> _Exercise objective_
Write out the records again, exactly, leaving none out.

> _Dataset records_
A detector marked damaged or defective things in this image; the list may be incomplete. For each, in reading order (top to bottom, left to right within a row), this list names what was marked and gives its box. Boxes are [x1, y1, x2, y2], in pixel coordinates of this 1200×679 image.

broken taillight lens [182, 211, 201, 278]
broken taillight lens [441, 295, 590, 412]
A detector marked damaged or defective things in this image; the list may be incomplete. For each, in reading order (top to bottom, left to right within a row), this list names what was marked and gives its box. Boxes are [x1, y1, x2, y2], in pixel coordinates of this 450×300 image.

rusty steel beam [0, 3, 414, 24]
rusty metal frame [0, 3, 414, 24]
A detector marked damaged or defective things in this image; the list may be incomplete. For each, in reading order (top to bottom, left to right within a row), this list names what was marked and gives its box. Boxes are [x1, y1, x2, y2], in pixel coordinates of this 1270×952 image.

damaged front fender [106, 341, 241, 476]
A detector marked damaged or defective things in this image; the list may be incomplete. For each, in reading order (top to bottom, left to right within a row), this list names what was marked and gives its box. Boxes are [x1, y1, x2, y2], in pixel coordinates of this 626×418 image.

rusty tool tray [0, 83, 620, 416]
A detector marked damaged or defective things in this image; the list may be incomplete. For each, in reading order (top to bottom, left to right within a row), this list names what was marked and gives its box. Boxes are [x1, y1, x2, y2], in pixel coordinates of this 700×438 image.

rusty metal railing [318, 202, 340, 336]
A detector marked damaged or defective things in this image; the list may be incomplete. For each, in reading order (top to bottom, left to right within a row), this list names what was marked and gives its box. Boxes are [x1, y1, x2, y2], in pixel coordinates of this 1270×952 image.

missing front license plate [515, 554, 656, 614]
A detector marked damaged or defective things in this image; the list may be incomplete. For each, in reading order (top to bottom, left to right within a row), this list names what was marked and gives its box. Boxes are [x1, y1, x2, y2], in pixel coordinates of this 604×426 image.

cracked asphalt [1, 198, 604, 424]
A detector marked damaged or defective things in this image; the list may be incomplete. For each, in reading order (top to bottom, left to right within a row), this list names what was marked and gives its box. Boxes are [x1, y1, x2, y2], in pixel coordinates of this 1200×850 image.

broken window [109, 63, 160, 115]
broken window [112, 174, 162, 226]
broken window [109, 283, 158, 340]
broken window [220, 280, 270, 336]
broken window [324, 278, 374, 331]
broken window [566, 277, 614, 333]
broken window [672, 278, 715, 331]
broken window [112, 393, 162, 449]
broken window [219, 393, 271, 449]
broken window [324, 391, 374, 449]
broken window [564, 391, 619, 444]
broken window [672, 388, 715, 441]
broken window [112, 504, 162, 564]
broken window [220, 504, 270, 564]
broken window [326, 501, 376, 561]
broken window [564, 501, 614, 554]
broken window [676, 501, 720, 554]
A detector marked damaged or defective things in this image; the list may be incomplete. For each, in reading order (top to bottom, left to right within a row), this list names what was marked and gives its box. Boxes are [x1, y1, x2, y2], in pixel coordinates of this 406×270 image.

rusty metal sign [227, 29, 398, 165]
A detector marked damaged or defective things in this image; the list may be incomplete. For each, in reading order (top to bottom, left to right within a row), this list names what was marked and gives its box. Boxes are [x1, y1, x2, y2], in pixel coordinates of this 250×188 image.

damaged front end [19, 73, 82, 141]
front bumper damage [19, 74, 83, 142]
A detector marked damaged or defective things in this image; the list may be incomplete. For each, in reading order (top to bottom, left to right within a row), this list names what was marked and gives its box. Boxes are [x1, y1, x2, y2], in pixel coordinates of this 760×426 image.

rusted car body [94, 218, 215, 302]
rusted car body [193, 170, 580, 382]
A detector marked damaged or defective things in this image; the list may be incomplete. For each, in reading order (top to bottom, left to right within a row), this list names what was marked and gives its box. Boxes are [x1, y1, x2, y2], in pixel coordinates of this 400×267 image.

> _Exercise response_
A detector marked damaged or defective things in this image; the list may be incomplete. For each, in reading order (top to bottom, left to right within a row), this list names what was marked and gives its box. Boxes are [x1, y1, x2, y2], in pixel coordinates of this 1200×679 image.

broken taillight lens [182, 211, 201, 278]
broken taillight lens [441, 295, 590, 412]
A detector marked damaged or defective things in this image; the list may be incomplete. For each, in reading order (top to bottom, left to right within a row), this list names what was marked and gives its box. Boxes are [x1, y1, x2, y2], in pixel coordinates of this 450×300 image.

rusty steel beam [0, 3, 414, 24]
rusty metal frame [0, 3, 414, 24]
A detector marked damaged or defective things in this image; the list may be incomplete. For each, in reading order (top to bottom, left to right within a row), this list names what was marked and gives its box. Boxes are [x1, y1, x2, y2], in pixel coordinates of this 1270×952 image.

damaged front fender [106, 341, 241, 476]
A detector marked damaged or defective things in this image; the list may be incomplete. For each, in reading order (top to bottom, left to right within a row), this list names what was marked and gives its box. Boxes are [x1, y1, x2, y2], in pixel coordinates of this 626×418 image.

rusty tool tray [0, 83, 620, 416]
A detector marked damaged or defective things in this image; the list may be incomplete. For each, in reading order (top to bottom, left to right within a row), this list names what was marked and gives its box. Boxes are [x1, y1, x2, y2], in pixel coordinates of this 700×438 image.

rusty metal railing [318, 202, 340, 336]
A detector marked damaged or defective things in this image; the list may be incomplete. For each, in reading order (top to bottom, left to right within a row), this list names what was marked and gives its box. Boxes are [x1, y1, x2, y2], in pixel coordinates of this 1270×952 image.

missing front license plate [515, 554, 656, 614]
A detector marked damaged or defective things in this image; the list may be incomplete. For each, in reading order (top to bottom, left to right within a row), this list names what was marked and gives its box. Boxes are [x1, y1, x2, y2], in pixel coordinates of this 604×426 image.

cracked asphalt [1, 198, 604, 424]
A detector marked damaged or defective things in this image; the list may be incomplete. For each, in reading order (top to bottom, left to right within a row), this list names what was marked and gives its box. Boxes are [x1, y1, x2, y2], in pixel coordinates of this 1200×850 image.

broken window [109, 63, 160, 115]
broken window [112, 174, 162, 226]
broken window [109, 283, 158, 340]
broken window [220, 280, 270, 336]
broken window [324, 278, 374, 331]
broken window [566, 277, 614, 333]
broken window [672, 278, 715, 331]
broken window [112, 393, 162, 449]
broken window [219, 393, 271, 449]
broken window [324, 391, 374, 449]
broken window [564, 391, 619, 444]
broken window [672, 388, 715, 441]
broken window [112, 504, 162, 564]
broken window [220, 504, 270, 564]
broken window [326, 501, 376, 561]
broken window [564, 501, 614, 554]
broken window [676, 501, 720, 554]
A detector marked damaged or defective things in this image; the list may be incomplete. For each, in reading order (top to bottom, left to right within a row), this list names what was marked and gives its box. Boxes are [x1, y1, x2, y2], in pixel coordinates of this 406×270 image.

rusty metal sign [227, 29, 398, 165]
A detector marked damaged or defective things in this image; the list may be incomplete. For each, in reading order (top to bottom, left to right within a row), this list names what was marked and gives its box. Boxes are [x1, y1, x2, y2], in pixel coordinates of this 250×188 image.

damaged front end [19, 73, 82, 141]
front bumper damage [19, 74, 83, 142]
A detector marked damaged or defective things in this image; the list may be incomplete. For each, in reading order (top to bottom, left to right within a row), this list names what was marked and gives its box. Boxes are [x1, y1, x2, y2], in pixel coordinates of this 760×426 image.

rusted car body [94, 218, 215, 302]
rusted car body [193, 170, 580, 382]
A detector marked damaged or defective things in this image; the list may be incomplete. For each, in reading order (top to bottom, left to right within a row), this list names what was marked and gives its box. Boxes are [x1, y1, x2, y2], in pixel coordinates of this 400×267 image.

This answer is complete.